I currently own Soundmagic PL-21 and would like an upgrade.
As per my price range(within 2.5k) i can only two IEMs thats worth the buy:- the PL-50 and Brainwavz M2. Both are fantastic as far as i have read and am totally confused, i do know PL-50 lacks in bass but still the PL-50 soundstaging is more brilliant than M2 that too at a bit cheaper price. Has anyone been using any of the two IEMs? Would like an AudioHead to help me out.


----------



## teejay_geekEd (Sep 19, 2011)

That decision totally depends on what kind of sound signature do u like?
What kind of music do u listen to? Do the king of music that you listen require bass or soundstage or mids? 
It'd be good if you could give more information as the decision is very much dependent on what the user prefers to listen to?

I have the brainwavz M2 and you can ask me about it if you have any questions.


----------



## tasamono (Sep 19, 2011)

Thanks for replying.
I listen to everything from country to trance(weird huh? ).Thats why kind of looking for a all round performer. How M2's bass?Appreciate a short quick review.I know M2's bass is better than Pl-50 but again PL-50  cheaper.Is the extra money to be spent on M2 worth it?


----------



## doomgiver (Sep 20, 2011)

brainwavz m2 all the way.

pl 50 dont even come close.


----------



## teejay_geekEd (Sep 20, 2011)

M2 all the way. Pl 50 is no match for it.
pl50 just has liquid smooth mids but M2 pwns it.
I love listening to trance on M2 since the bass is amazing, quick and perfect in every sense for the price.
You will love it, no doubt about that.

Pl50 are extremely bass light, you'll crave for bass if you are even one cent of a bass lover.


----------



## tasamono (Sep 20, 2011)

^Thnks, looks like in that case even PL-30 is a better option since its has got a decent bass? Where to get the M2, Lynx India?

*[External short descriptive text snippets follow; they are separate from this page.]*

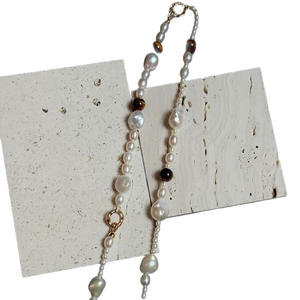Collage Fashion Trend Niche Design Irregular Freshwater Baroque Pearl <b>Tiger</b> <b>Eye</b> Stone <b>Necklace</b> Bracelet Set Fashion Jewelry Sets - Product Image 5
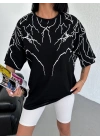 Bisiklet Yaka Baskılı Oversize T-Shirt - Siyah -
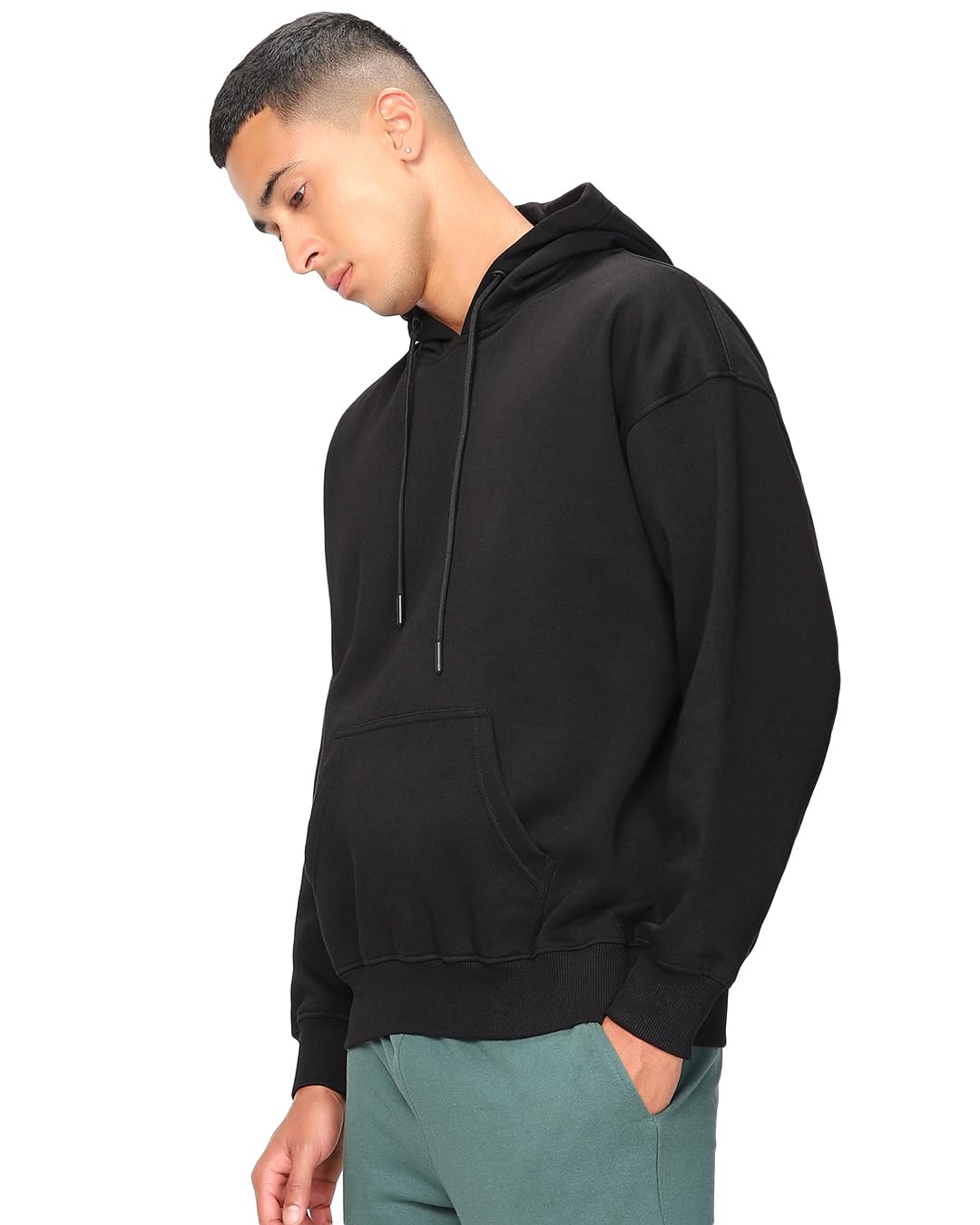 bewakoof Heavy Duty 1.0 Men's Solid Oversized Fit Full Sleeve Fleece Hoodies-picture-15
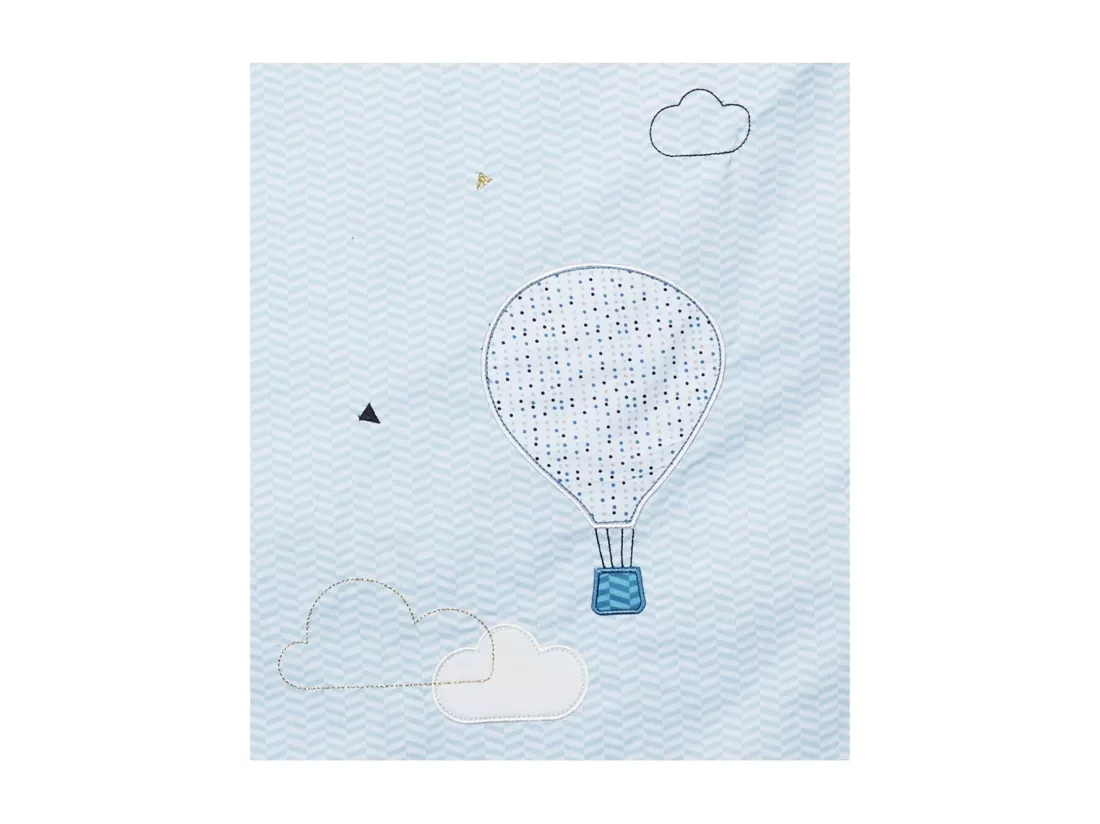 Edredon lit bébé en coton bleu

BTW what do you listen to in Trance?


----------



## mithun_mrg (Sep 20, 2011)

try pristinenote @ebay or from TE forums(should be cheaper than ebay)
Brainwavz M2 | eBay


----------



## teejay_geekEd (Sep 20, 2011)

Pl30 isnt better than pl50. Both arent known for their bass, they're known for their spacious imaging and lush mids. 
I don't listen much to trance, just a few famous ones. I listen more to R&B, Hip-Hop and some slow rap.
Pristinenote is the best for M2.


----------



## Sarath (Sep 21, 2011)

Get it from Pristine note. I got my M1 from their ebay shop.


----------